▶ **Your assignment**: The entries below hold a line with "Earrings Boutique Loop" and a line with "51mm Espresso Accessories". Return those lines and all that lie between them, exactly and only.

▶ **Entries shown**:
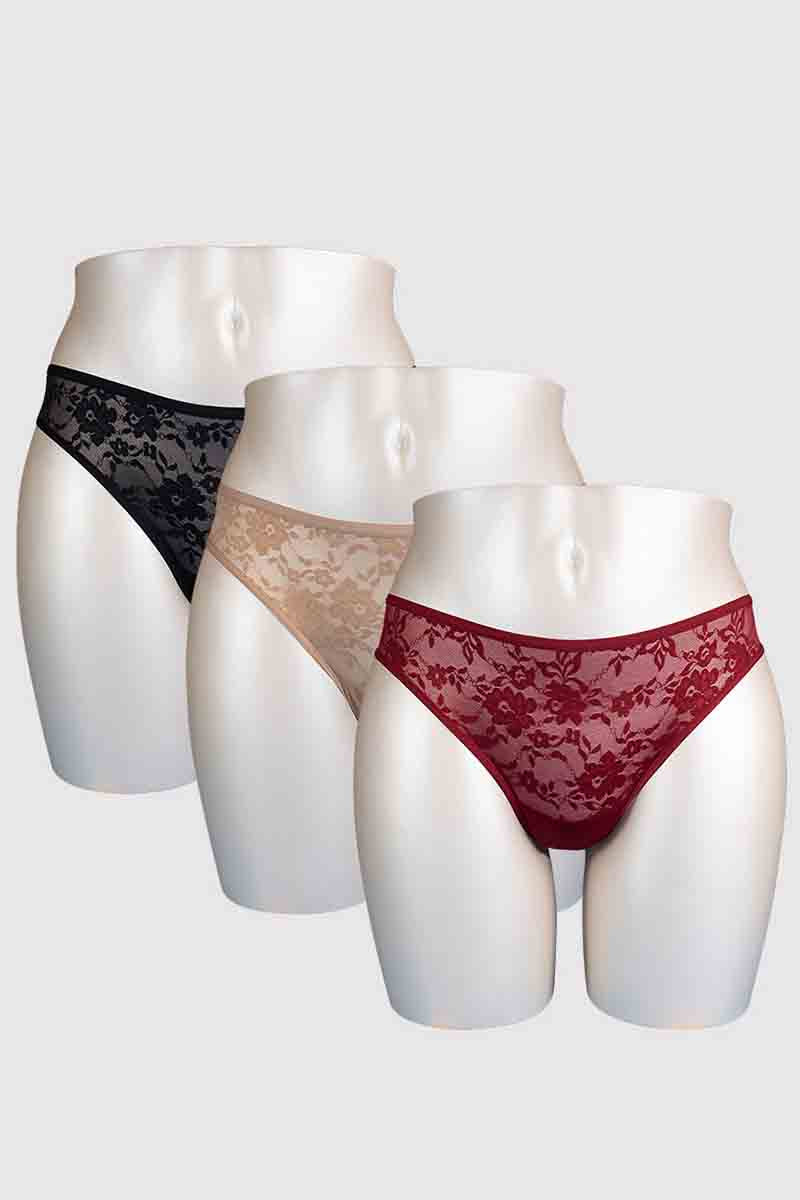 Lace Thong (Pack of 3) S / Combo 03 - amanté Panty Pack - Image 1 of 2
==
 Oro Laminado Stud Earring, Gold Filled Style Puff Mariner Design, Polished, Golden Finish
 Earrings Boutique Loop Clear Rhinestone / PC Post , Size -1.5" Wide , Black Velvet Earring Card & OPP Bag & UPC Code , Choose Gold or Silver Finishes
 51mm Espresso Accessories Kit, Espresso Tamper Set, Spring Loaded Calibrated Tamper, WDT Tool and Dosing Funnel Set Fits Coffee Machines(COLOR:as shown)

▶ **Finished exercise**:
 Earrings Boutique Loop Clear Rhinestone / PC Post , Size -1.5" Wide , Black Velvet Earring Card & OPP Bag & UPC Code , Choose Gold or Silver Finishes
 51mm Espresso Accessories Kit, Espresso Tamper Set, Spring Loaded Calibrated Tamper, WDT Tool and Dosing Funnel Set Fits Coffee Machines(COLOR:as shown)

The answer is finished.